The Life-Encompassing Psalm (Psalm 139)

Psalm 139 is my favorite Psalm.  It is intensely personal and relational… which is probably why it’s a favorite for many people.  I call it “life-encompassing” because it speaks of God being with us from the very moment we were conceived, to the present, to whatever comes in the future. It’s the first Psalm I remember encountering as a child, so it also has a personal longevity for me. Before you read my reflections on it, I’d encourage you to read it yourself:  Psalm 139 (NASB).

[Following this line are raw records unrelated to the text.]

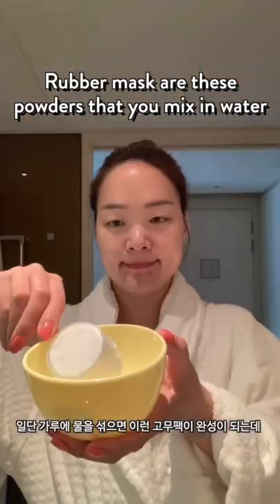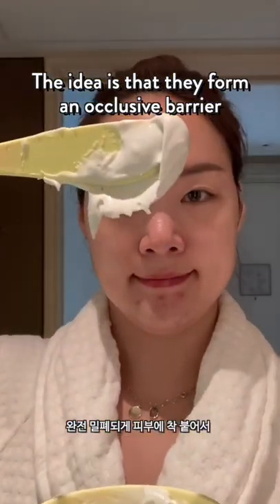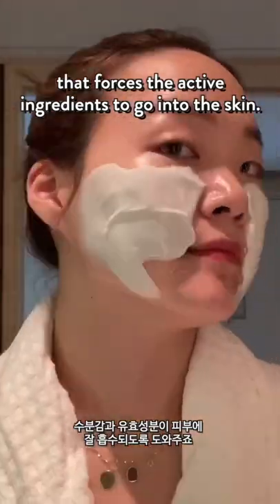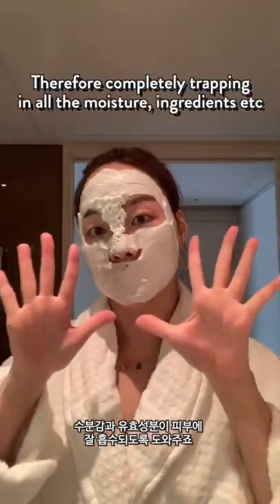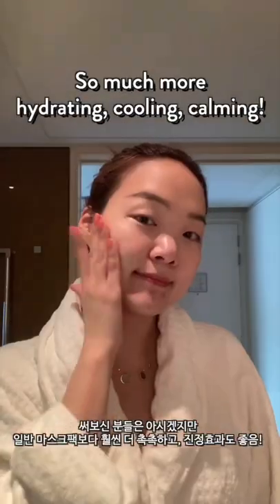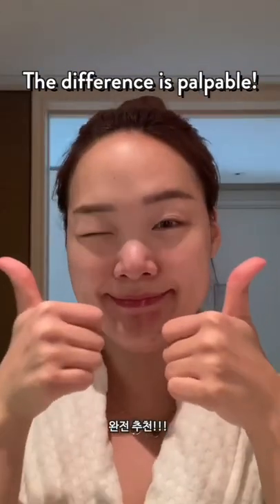Rubber masks are basically these powders, and you mix it in with water. The idea is that the rubber mask forms an occlusive barrier that forces the active ingredients to go into the skin. It adheres on real airtight, therefore completely trapping in all the moisture, ingredients, etc. They are so much more hydrating, cooling, and calming than a regular sheet mask, and the difference is palpable.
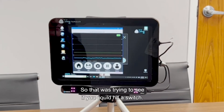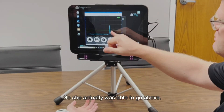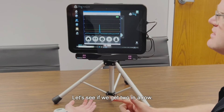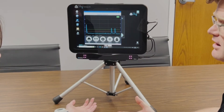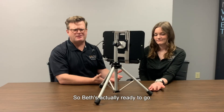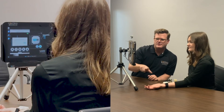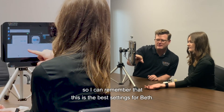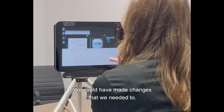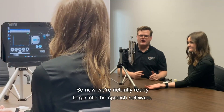When it cuts back, you'll see the line is dramatically lower. So Beth, let's try again to see if you can hit a switch. Awesome — she was actually able to go above the line. We heard the audible tone. Let's see if we can get two in a row. You're a rock star. Perfect. So Beth's actually ready to go. I can create a profile for her by hitting save and typing her name so I can remember that these are the best settings for Beth.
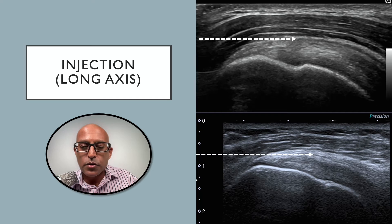Here we see the supraspinatus tendon in a long axis view. In this orientation, it's ideal to see the needle come in as parallel as possible to the transducer, and in this orientation it should simply glide into the bursa. And as you inject the fluid, the bursa should lift off the supraspinatus tendon.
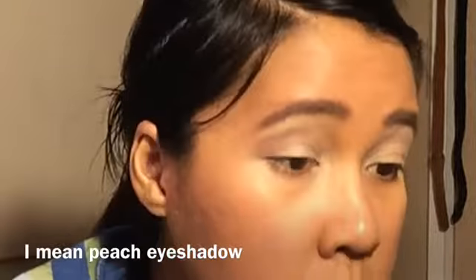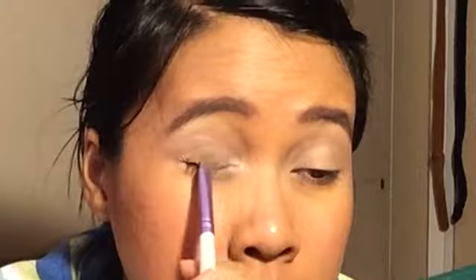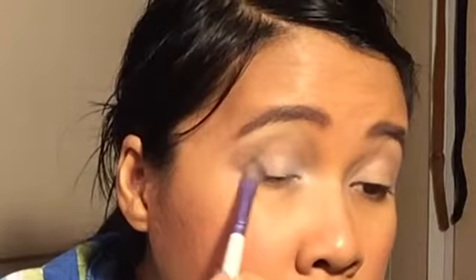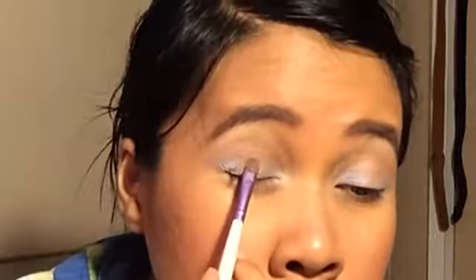First, get the peach blush and put it in your crease. We're going to put the peach first because the blue may muddy it out. Next, get a light blue eyeshadow and put it on the inner and outer corners of your eyes. Then go back into the peach eyeshadow and put it onto the center of your eyelid.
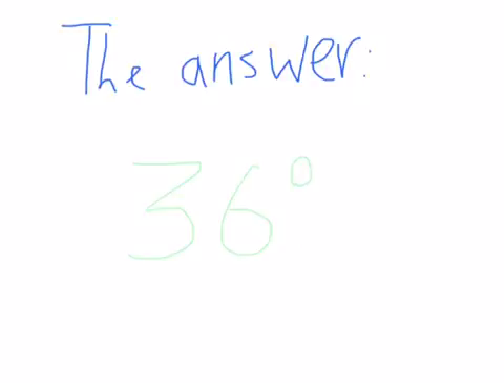The answer is 36 degrees. Thank you for watching. Good job if you got it.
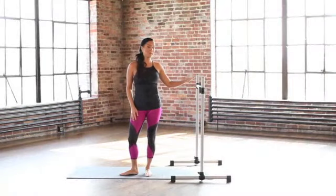This is bar power stretch. You'll need something to hold on to and a mat or something soft to work out on.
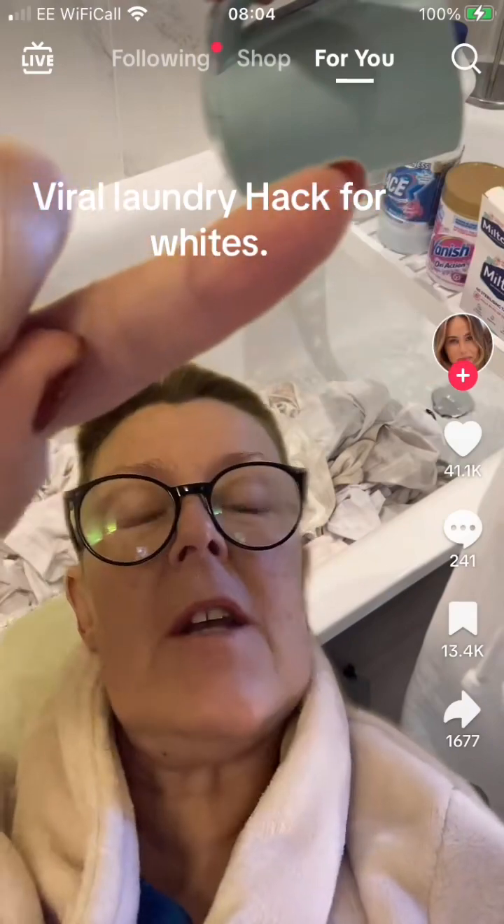It looks like this is doing the rounds again. No hate to this creator because it works, but I'm going to talk you through it. Right up there you can see she's added thin bleach. She's then added Ace bleach for whites — that is also chlorine bleach. It's just missing some of the other bits; it's the same chemical that's doing the whitening.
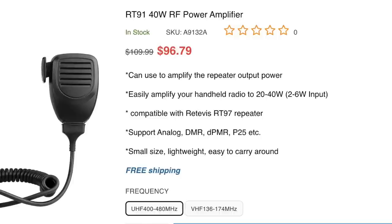Redivis assures us the RT91 power amplifier is compatible with the RT97 repeater. So is Redivis lying to us? And if so, will I be willing to risk my long-term relationship with Redivis to call them out in public as liars? You bet your ass I would, because that is why I'm here — to look out for you, my favorite viewer.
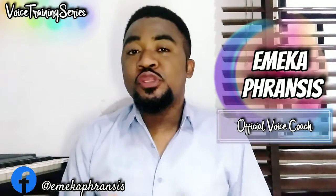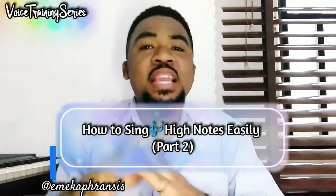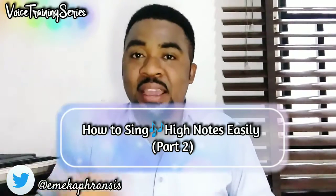Hello everyone and to all my amazing singers out there, I'm Emeka Francis, your official voice coach and you're on my voice training series on Voice Manager. In this episode, I'll be showing you how to hit your high notes easily without stress or strain. I promised you I was going to do the part two of this topic and here it is, so let's go straight into the exercise.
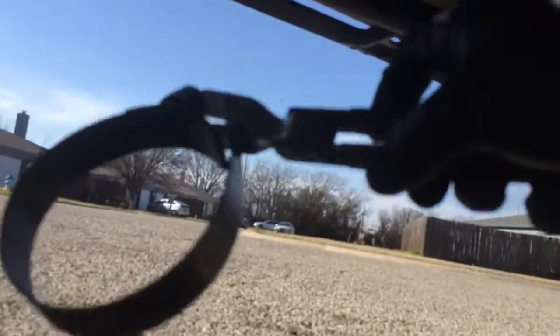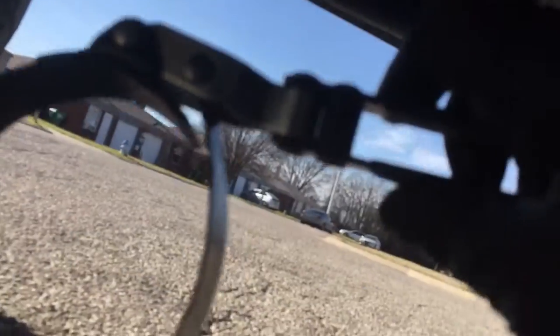Luckily I'm at a friend's house that had an oil filter removal tool, which looks like this right here. I'm not sure how much they cost — I'm sure they're probably under 10 bucks. Basically the concept is you put it around the oil filter and you turn it counterclockwise in order to remove it and loosen it up, so we're gonna go from there.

I led my Bible study in this Psalm a few weeks ago.  During our discussion, I realized that while it’s always been a comforting Psalm for me, there is a “wonderful and terrible” tension in 139 between the comfort and relief of being truly known and the shame and conviction that kind of “knowing” brings.  It completely makes sense to read the Psalm that way–after all, “Where can I flee from your presence?” has the sense of wanting to escape.  Still, as will probably become apparent as you read my thoughts below, I find even this tension comforting, because God knows me in all times and all places… and loves me anyway.  Donald Miller recently tweeted a thought that captures this feeling for me: “Character is who you are in the dark.  Grace is who you are in the dark, forgiven.”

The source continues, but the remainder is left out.